There is something in the computer business known as total cost of ownership where one does not just look at the cost of the computer. One needs to look at the total cost of operating the system. That is what we should be looking at.
When we look at those costs in the nuclear industry, we will never win because there is the cost of developing the plant, the huge delays, the cost overruns and the huge insurance costs. The insurance people are not stupid. They know there have been 81 accidents in the last 50 years, which I am sure will scare off a lot of insurance companies. Then there is the storage issue. Nobody wants the waste trucked down their highways nor do they want it stored anywhere near where they live.
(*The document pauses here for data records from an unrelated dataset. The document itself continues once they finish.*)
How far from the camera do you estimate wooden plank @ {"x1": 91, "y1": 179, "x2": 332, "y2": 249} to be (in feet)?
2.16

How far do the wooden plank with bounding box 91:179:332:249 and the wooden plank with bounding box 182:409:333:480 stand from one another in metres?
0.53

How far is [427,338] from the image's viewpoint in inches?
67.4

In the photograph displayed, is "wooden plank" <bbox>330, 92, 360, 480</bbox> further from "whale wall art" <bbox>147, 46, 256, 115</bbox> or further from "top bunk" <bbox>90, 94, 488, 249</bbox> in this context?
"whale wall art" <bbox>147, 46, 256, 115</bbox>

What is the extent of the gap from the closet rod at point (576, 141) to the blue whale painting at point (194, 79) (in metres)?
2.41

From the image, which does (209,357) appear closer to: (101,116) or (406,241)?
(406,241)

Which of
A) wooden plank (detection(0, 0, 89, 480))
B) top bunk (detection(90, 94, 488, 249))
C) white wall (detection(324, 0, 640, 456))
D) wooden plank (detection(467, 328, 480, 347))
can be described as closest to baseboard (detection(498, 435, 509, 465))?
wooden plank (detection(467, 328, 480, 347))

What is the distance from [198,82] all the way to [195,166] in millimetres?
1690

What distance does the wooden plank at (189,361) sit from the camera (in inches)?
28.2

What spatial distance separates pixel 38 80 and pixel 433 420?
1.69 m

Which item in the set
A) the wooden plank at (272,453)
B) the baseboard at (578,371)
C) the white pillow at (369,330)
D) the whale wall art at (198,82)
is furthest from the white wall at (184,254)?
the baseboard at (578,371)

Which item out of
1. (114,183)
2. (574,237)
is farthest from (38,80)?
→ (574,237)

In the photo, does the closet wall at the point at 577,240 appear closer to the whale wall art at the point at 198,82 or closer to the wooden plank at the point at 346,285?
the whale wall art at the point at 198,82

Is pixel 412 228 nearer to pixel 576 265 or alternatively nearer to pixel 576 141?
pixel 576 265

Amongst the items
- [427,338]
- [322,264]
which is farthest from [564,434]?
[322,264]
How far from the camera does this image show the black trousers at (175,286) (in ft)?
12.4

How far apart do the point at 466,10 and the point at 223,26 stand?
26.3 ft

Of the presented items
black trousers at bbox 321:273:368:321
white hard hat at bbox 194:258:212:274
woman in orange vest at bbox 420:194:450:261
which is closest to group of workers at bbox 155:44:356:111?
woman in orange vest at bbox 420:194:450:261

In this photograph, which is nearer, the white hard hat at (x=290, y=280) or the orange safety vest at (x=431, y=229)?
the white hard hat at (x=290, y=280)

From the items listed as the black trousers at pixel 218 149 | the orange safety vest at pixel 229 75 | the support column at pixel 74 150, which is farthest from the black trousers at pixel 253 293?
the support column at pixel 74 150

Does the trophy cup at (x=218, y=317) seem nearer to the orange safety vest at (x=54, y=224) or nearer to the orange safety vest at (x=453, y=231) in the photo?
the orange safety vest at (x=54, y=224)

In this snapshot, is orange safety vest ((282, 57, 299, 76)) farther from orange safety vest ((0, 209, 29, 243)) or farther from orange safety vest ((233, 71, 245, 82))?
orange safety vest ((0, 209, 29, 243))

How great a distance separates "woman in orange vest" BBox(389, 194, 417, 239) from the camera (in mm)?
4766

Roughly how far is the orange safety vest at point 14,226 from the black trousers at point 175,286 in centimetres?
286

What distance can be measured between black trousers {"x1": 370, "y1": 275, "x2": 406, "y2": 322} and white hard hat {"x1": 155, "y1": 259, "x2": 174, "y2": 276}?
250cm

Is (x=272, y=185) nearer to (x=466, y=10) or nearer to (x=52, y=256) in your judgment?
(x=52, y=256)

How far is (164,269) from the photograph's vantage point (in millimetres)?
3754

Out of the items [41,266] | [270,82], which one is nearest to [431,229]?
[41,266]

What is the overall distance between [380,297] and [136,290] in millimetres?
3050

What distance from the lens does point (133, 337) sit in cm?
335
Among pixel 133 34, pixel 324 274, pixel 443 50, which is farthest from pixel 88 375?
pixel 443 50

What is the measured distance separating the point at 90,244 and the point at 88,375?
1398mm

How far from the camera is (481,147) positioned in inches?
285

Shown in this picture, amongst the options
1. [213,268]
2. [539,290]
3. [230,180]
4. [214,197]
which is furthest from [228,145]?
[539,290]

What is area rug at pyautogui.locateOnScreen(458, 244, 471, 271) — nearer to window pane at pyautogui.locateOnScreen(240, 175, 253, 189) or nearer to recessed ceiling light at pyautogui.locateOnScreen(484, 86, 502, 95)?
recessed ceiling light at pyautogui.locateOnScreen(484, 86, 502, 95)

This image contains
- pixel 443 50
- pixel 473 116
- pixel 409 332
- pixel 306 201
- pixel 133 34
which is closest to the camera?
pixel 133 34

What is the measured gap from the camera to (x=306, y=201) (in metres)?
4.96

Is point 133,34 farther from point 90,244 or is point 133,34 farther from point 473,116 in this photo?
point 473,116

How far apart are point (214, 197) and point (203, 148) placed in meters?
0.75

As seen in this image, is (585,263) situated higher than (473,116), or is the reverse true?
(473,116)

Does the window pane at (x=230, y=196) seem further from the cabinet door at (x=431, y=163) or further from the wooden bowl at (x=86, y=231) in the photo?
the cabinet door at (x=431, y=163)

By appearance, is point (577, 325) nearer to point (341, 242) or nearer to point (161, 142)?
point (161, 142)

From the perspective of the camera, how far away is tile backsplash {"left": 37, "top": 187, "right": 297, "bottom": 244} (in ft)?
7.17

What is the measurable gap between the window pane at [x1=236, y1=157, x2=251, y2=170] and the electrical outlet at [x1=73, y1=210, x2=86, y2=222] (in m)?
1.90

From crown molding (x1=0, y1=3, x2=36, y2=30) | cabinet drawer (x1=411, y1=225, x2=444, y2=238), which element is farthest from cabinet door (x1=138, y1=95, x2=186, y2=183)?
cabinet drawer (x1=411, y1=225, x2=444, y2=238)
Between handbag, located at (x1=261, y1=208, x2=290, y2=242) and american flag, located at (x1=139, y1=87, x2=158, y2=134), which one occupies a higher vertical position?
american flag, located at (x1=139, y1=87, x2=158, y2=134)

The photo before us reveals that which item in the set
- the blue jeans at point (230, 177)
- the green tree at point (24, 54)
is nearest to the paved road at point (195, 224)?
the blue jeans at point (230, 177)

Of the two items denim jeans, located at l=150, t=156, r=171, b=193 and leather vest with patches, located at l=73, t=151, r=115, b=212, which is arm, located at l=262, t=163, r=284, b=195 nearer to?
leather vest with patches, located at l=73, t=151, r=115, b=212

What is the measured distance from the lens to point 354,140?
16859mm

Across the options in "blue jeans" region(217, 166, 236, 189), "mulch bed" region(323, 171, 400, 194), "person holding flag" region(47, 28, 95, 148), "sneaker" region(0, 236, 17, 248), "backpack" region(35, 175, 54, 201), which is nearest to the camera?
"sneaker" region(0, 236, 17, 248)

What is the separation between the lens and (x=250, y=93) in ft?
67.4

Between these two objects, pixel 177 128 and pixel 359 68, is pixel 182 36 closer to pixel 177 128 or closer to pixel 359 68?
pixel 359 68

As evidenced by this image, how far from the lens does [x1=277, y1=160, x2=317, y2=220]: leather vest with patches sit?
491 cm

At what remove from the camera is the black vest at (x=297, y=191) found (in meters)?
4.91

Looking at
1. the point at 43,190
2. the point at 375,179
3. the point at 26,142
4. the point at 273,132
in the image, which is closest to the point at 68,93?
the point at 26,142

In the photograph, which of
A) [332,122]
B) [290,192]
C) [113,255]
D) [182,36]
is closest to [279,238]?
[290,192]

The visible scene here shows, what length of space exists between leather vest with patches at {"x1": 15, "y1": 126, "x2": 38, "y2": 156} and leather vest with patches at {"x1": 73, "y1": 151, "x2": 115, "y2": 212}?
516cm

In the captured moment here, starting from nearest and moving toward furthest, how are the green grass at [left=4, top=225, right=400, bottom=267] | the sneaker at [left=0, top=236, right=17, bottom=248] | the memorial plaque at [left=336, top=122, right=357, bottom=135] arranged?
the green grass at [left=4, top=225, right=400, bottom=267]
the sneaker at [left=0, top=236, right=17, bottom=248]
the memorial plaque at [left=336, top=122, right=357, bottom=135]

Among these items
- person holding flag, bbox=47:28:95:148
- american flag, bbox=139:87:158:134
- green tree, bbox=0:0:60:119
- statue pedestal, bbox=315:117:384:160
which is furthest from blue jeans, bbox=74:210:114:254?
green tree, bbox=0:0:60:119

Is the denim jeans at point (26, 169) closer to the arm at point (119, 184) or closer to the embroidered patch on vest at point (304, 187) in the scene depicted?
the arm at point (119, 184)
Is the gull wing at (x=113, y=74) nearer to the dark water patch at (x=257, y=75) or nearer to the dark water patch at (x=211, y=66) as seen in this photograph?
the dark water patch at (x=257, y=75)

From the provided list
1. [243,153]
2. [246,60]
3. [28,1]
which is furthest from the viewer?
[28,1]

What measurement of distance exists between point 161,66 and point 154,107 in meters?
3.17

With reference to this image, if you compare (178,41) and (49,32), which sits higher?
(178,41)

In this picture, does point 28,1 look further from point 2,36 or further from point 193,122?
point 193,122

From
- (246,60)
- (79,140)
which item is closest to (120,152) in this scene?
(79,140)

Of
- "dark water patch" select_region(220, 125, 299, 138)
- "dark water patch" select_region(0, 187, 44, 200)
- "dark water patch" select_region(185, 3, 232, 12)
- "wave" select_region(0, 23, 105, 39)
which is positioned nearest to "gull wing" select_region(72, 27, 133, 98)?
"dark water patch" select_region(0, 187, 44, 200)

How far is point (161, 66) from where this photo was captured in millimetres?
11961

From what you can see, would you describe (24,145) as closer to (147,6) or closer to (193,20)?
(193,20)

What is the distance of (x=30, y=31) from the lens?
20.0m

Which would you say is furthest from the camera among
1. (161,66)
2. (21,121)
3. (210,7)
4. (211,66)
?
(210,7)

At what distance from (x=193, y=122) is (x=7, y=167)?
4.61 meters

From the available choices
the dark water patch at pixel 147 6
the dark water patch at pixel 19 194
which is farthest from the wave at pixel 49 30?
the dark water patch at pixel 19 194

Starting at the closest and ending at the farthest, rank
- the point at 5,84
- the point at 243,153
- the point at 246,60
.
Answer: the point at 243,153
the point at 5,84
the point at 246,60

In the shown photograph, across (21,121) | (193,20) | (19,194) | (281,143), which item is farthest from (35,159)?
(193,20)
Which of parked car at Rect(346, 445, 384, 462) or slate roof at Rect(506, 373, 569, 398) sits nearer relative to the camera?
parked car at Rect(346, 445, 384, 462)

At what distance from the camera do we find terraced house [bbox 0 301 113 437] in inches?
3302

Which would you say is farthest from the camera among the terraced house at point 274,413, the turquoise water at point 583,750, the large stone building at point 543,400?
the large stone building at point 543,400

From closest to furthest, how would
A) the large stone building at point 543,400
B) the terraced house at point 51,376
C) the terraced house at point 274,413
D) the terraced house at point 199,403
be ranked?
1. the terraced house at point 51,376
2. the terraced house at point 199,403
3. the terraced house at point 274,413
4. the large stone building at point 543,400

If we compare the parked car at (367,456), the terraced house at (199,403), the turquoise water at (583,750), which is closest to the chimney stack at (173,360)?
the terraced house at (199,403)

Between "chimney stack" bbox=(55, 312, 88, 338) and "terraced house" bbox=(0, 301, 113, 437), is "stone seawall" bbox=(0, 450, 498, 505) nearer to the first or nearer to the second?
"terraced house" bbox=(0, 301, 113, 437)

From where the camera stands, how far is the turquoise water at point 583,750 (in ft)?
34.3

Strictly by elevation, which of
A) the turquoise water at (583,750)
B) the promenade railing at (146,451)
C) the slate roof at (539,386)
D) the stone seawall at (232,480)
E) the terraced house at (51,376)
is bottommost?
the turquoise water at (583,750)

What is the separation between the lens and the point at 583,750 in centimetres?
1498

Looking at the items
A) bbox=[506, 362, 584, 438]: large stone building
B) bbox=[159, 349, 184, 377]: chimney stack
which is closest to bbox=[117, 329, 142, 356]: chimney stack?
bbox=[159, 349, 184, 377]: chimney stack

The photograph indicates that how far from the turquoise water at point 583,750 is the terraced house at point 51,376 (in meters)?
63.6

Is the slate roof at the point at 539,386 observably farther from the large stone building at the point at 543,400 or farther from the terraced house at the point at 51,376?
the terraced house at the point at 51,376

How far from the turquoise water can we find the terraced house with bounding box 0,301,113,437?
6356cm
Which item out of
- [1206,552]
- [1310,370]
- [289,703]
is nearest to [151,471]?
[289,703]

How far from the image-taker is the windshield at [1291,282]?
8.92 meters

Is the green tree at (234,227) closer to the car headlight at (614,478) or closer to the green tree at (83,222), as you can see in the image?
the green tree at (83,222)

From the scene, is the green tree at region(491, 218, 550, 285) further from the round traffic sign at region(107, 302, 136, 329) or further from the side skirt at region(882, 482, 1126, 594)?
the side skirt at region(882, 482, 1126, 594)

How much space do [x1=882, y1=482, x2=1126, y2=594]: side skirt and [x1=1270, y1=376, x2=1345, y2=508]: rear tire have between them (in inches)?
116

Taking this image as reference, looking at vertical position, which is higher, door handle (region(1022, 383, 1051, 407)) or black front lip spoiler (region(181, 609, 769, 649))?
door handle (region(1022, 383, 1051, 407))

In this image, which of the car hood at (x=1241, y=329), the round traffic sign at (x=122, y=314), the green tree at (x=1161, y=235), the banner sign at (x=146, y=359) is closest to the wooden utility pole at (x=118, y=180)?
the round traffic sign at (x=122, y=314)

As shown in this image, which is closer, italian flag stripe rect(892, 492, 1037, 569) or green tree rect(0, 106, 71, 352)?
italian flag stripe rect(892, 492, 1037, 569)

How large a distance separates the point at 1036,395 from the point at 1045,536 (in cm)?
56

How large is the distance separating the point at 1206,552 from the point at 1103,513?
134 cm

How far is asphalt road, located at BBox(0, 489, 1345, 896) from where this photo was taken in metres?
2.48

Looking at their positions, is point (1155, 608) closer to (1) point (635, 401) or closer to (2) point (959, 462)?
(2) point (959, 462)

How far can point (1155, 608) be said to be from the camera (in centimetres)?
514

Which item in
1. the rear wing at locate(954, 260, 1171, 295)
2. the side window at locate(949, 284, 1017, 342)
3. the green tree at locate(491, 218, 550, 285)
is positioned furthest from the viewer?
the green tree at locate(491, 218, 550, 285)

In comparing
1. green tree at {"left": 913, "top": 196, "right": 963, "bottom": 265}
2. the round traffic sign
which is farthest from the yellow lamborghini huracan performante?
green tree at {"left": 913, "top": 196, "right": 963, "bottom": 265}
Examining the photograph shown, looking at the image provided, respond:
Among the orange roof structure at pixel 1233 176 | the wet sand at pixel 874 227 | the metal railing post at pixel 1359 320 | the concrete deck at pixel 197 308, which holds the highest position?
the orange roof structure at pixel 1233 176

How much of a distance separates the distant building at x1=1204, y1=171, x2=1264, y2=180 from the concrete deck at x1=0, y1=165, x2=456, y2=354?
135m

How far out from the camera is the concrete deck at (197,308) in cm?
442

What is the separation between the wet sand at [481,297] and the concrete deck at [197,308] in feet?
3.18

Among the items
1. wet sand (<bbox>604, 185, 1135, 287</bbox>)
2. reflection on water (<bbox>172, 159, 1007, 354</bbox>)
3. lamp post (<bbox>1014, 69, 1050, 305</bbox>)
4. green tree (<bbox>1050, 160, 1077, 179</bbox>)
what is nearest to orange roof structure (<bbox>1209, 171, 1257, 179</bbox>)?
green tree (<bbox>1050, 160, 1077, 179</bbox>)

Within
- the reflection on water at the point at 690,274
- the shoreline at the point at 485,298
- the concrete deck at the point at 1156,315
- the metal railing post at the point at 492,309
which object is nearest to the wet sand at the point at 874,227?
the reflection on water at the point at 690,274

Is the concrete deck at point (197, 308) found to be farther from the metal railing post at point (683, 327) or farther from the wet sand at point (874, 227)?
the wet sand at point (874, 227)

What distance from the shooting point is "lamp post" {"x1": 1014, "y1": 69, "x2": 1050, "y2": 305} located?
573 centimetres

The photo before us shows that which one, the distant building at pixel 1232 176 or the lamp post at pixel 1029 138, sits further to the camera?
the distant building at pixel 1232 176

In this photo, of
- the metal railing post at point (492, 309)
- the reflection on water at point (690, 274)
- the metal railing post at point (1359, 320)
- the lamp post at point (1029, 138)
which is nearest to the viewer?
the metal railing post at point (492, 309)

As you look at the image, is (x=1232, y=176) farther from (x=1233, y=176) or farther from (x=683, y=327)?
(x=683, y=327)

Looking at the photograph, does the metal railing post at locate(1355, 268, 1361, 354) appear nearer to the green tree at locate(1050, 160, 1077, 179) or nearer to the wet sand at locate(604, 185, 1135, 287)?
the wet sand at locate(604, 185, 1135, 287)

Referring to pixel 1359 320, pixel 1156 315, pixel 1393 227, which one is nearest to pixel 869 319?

What are we going to do with all this stuff? Are we going to store it here in the Parliament Buildings? People do not want it. There is a very limited market. Maybe people are agreeable to nuclear development if it is someone else's problem. If we are going to store it, build it and keep it in Ontario, fine, but the people will not like it there either.
The problem here is that we are dealing with a bad scenario and we have good scenarios for a change. We have hydro development, wind power and other sources. I spoke about the solar panel company that Canada did not help out and it went to Germany. The Germans gave it whatever it needed and it is producing huge amounts of solar panels in Germany right now. Here we are once again on the outside looking in.